Migrants trapped in Libyan detention centres where many have been subjected to abuse would be evacuated to Rwanda under an emergency plan being discussed with international humanitarian agencies and the EU.
The proposal is part of an increasingly urgent effort to relocate thousands of migrants from Libya after a July air strike by forces opposed to the internationally recognised government in Tripoli killed dozens of people in a detention centre in the capital.
The Rwandan initiative stems from president Paul Kagame’s offer in late 2017 to accept up to 30,000 African migrants from Libya over several years, although it will initially involve a much smaller number of people. The EU is facing growing criticism over the plight of migrants as conflict worsens in Libya.
The EU-trained Libyan coastguard has been instrumental in stopping people making the journey across the Mediterranean to Europe, but rescued migrants are then sent to detention centres. Human rights groups have documented multiple cases of rape, torture and other crimes at the facilities, some of which are run by militias.
But sceptics warn that evacuating migrants from Libya to Rwanda would not necessarily rescue them from their current limbo, unable to go home or to travel onwards. Marwa Mohamed, head of advocacy for Lawyers for Justice in Libya, a non-governmental group with offices in London and Tripoli, said the Rwanda plan risked “outsourcing the problem to another country”.

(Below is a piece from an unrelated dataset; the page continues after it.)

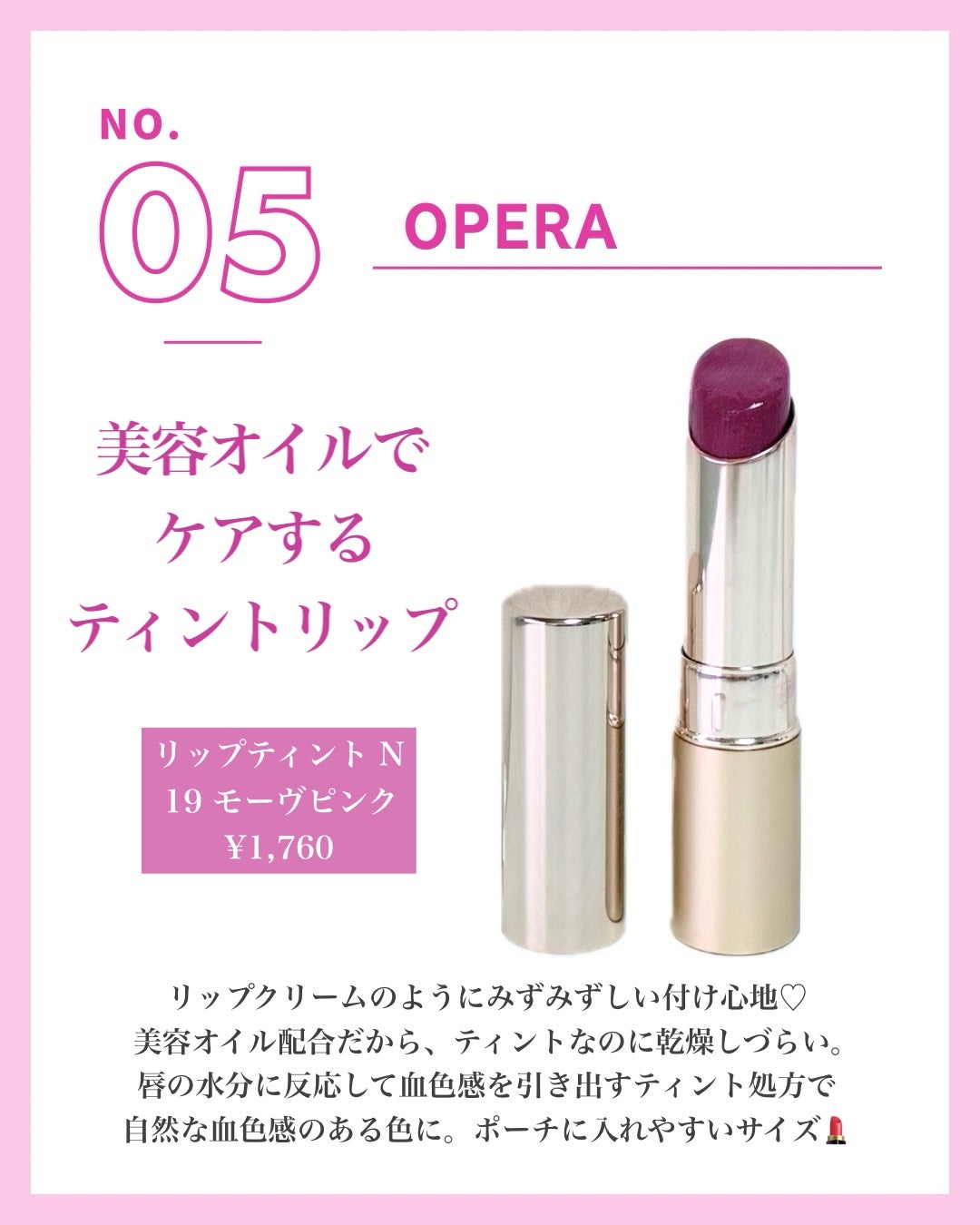 オペラ リップティント N/OPERA/リップティントを使ったクチコミ(6枚目)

She added that the only viable long-term solution was for European countries to offer more pathways to migration, such as via resettlement or temporary working visas. “If you provide them with these legal routes, they don’t need to submit themselves into the hands of people smugglers and traffickers,” she said.
The UN estimates almost 5,000 migrants are in detention centres in Libya, about 70 per cent of them refugees and asylum seekers. The migrants earmarked for relocation are likely to be a mix of refugees, asylum seekers, unaccompanied minors and stateless people.